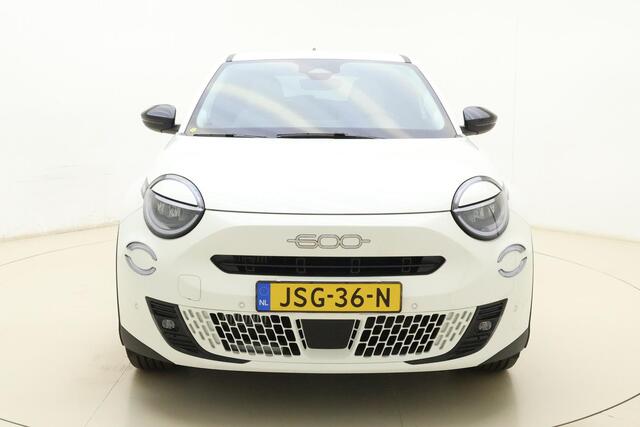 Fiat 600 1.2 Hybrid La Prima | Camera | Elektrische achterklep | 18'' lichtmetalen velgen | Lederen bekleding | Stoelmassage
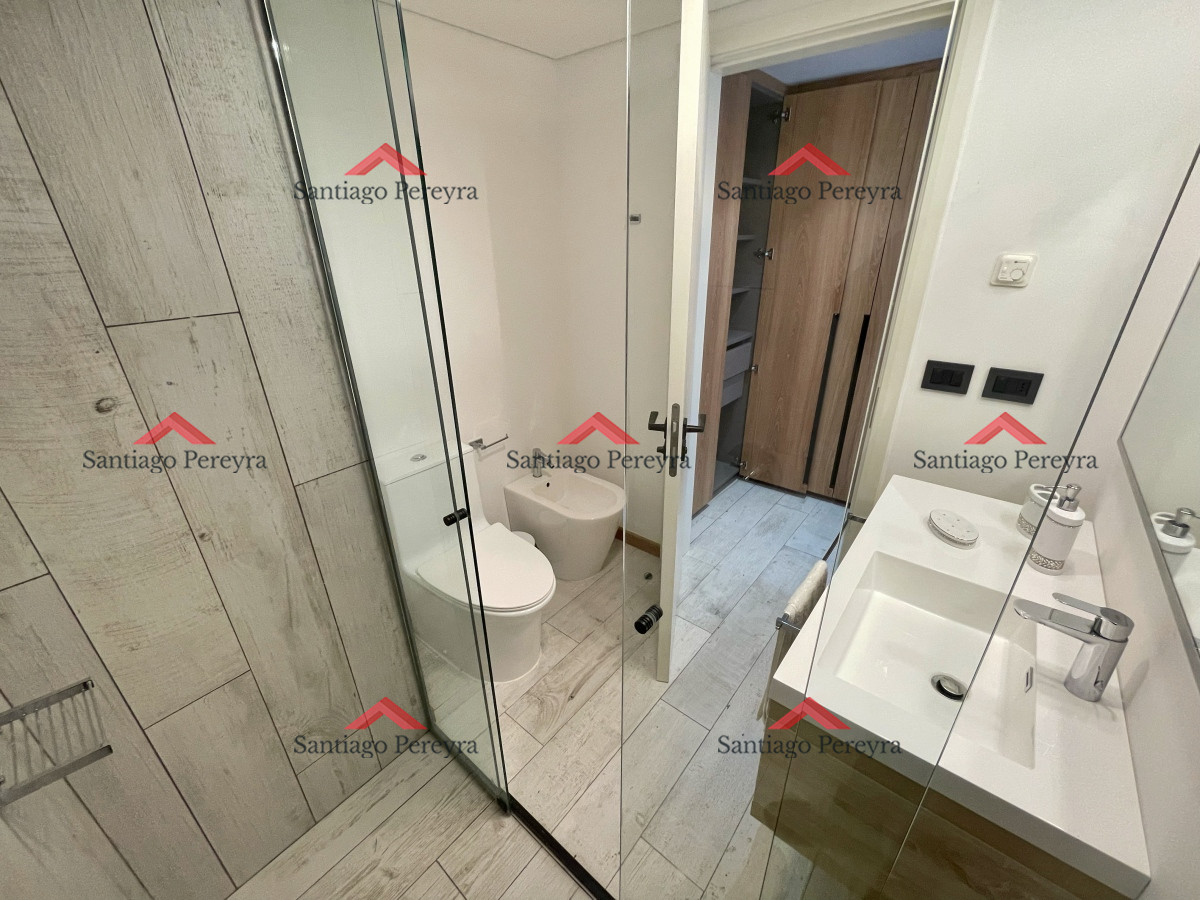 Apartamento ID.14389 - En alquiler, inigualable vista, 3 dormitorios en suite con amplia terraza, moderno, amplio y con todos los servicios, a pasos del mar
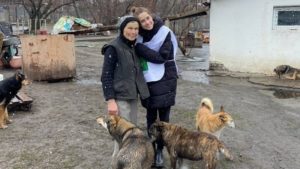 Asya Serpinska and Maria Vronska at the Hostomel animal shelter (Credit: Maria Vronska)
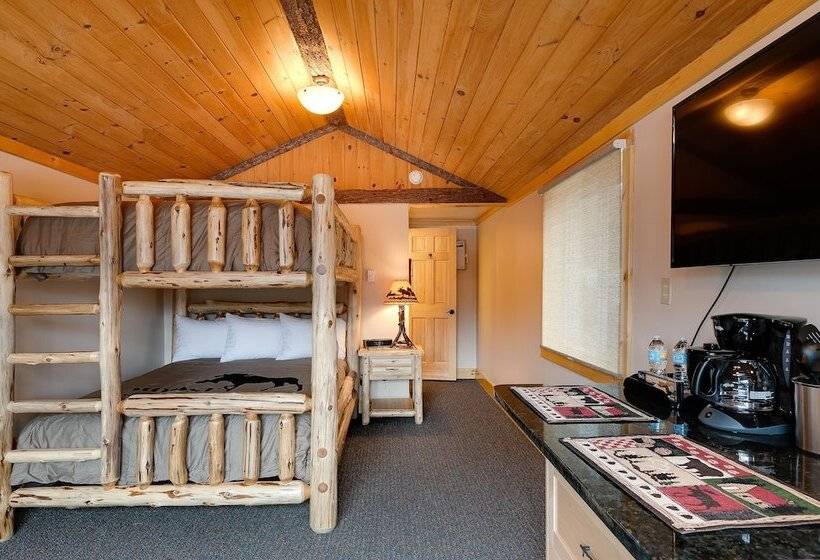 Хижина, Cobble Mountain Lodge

ASSIGNMENT:
With the pictures left out, return all the material above exactly.

SOLUTION:
 Fiat 600 1.2 Hybrid La Prima | Camera | Elektrische achterklep | 18'' lichtmetalen velgen | Lederen bekleding | Stoelmassage
 Apartamento ID.14389 - En alquiler, inigualable vista, 3 dormitorios en suite con amplia terraza, moderno, amplio y con todos los servicios, a pasos del mar
 Asya Serpinska and Maria Vronska at the Hostomel animal shelter (Credit: Maria Vronska)
 Хижина, Cobble Mountain Lodge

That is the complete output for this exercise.